3 de fevereiro de 2015

Sr. Muckie-Duckie



O senhor Muckie-Duckie tinha imensas olheiras sob os olhos. Aqueles olhos que já não eram naturalmente tão expressivos, muito menos vivos, não possuíam lá tanta vivacidade, e agora tinham olheiras imensas, monstruosas, do tamanho de devoradores de planetas. Pobre senhor Muckie-Duckie, diziam as boas línguas. Ele que um dia fora bem sucedido em seu ramo honesto e modesto de levar a vida, logo ele, o senhor Muckie-Duckie, que acordava cedo todas as manhãs depois de oito horas e meia de sono, ia à padaria, assistia aos jornais e documentários sobre a formação do universo no canal fechado. Pobre senhor Muckie-Duckie, diziam igualmente as más línguas: logo ele, tão sujo e cheio de si, ostentador de universos femininos em sua cama, em seus meios, em seus dedos, em seu ofício. Agora, tanto tempo depois daquela época tão duradoura de sucessos e sorrisos, agora limitava-se a um torcer de beiços, um arquear mofino de sobrancelhas que quase não existia, um dobrar de pés de galinha em volta dos olhos tão escuros, jovens, porém idosos, e, claro, repleto daquelas olheiras agressivas.
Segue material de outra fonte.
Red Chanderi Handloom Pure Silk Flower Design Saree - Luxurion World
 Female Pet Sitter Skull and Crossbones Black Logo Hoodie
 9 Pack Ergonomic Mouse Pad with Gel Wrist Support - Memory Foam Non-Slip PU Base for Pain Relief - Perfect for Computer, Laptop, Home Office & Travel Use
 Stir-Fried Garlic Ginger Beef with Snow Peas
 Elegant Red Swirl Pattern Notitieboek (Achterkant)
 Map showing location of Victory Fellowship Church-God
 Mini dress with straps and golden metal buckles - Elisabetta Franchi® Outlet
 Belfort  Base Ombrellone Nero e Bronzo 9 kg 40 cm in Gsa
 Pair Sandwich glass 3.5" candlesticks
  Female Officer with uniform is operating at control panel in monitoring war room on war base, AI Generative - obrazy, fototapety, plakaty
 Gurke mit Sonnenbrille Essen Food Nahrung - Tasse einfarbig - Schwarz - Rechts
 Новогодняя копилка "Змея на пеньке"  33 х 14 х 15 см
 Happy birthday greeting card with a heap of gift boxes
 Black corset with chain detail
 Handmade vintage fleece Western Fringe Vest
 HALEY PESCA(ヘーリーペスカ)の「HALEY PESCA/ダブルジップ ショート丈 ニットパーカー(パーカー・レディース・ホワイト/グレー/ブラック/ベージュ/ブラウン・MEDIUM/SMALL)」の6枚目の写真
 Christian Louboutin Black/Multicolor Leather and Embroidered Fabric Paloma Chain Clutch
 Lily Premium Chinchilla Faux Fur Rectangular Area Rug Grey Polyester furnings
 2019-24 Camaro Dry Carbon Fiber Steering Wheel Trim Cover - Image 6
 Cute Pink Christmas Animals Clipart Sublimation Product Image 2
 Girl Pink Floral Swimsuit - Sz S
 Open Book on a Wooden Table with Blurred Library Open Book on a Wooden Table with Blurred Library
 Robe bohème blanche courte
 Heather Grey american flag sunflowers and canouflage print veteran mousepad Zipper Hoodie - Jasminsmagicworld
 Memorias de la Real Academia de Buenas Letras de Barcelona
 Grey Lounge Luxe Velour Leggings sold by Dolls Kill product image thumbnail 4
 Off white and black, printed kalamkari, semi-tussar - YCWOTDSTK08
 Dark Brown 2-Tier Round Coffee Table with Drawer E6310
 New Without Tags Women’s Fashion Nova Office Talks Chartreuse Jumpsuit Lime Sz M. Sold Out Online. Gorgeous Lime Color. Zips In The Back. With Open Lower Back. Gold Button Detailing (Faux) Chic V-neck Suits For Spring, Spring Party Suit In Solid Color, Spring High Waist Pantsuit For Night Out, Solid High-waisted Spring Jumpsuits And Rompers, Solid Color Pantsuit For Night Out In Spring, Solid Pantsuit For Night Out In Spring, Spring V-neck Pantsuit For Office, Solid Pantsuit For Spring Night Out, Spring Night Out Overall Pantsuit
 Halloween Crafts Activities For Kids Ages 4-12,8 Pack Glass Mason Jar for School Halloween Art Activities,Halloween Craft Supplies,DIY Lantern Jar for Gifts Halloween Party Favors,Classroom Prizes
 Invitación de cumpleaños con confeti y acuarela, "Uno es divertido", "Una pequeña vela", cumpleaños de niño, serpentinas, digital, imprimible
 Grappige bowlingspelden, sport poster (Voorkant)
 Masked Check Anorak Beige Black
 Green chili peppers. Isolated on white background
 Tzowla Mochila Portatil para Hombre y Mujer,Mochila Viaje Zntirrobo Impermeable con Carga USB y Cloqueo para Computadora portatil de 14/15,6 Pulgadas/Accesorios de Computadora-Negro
Pobre senhor Muckie-Duckie. Pela tentativa de um feito nobre, caiu em desgraças e equívocos, pintou o negro quando quis pintar o branco, tocou uma estridente nota aguda quando quis suavizar uma melodia grave, calma, tranquila e bondosa. “A maldade, sr. Muckie-Duckie”, diriam as boas e más línguas, “está em não fazer o que se deseja”, e foi tudo o que o pobre e velho senhor Muckie-Duckie andou fazendo com aquelas pesadas olheiras. Largou a padaria pela manhã, largou os documentários de como nascem as estrelas – talvez, agora, irônica e literalmente, para “como morrem os planetas” -, deixou até de caminhar pelo sol poente com as ideias do ofício, esquecendo-se do trabalho, das memórias, e de tudo o mais que o fazia ser o velho senhor Muckie-Duckie de sempre.
Em uma terça-feira qualquer, um de seus vizinhos, aquele pirralhinho filho da Marta e do Jurandir, vai chutar uma bola no jardim do senhor Muckie-Duckie. O senhor Muckie-Duckie gritará um palavrão, tomará uma tesoura entre os dedos e fará o serviço que o ânimo o ordenou. Pobre menininho, vai chorar e reclamar com os pais. Marta vai abraçá-lo e xingar o algoz. Jurandir vai no máximo baixar os olhos e fingir que nada aconteceu.
Jurandir sabe que a culpa não é do senhor Muckie-Duckie.
São aquelas olheiras – malditas olheiras.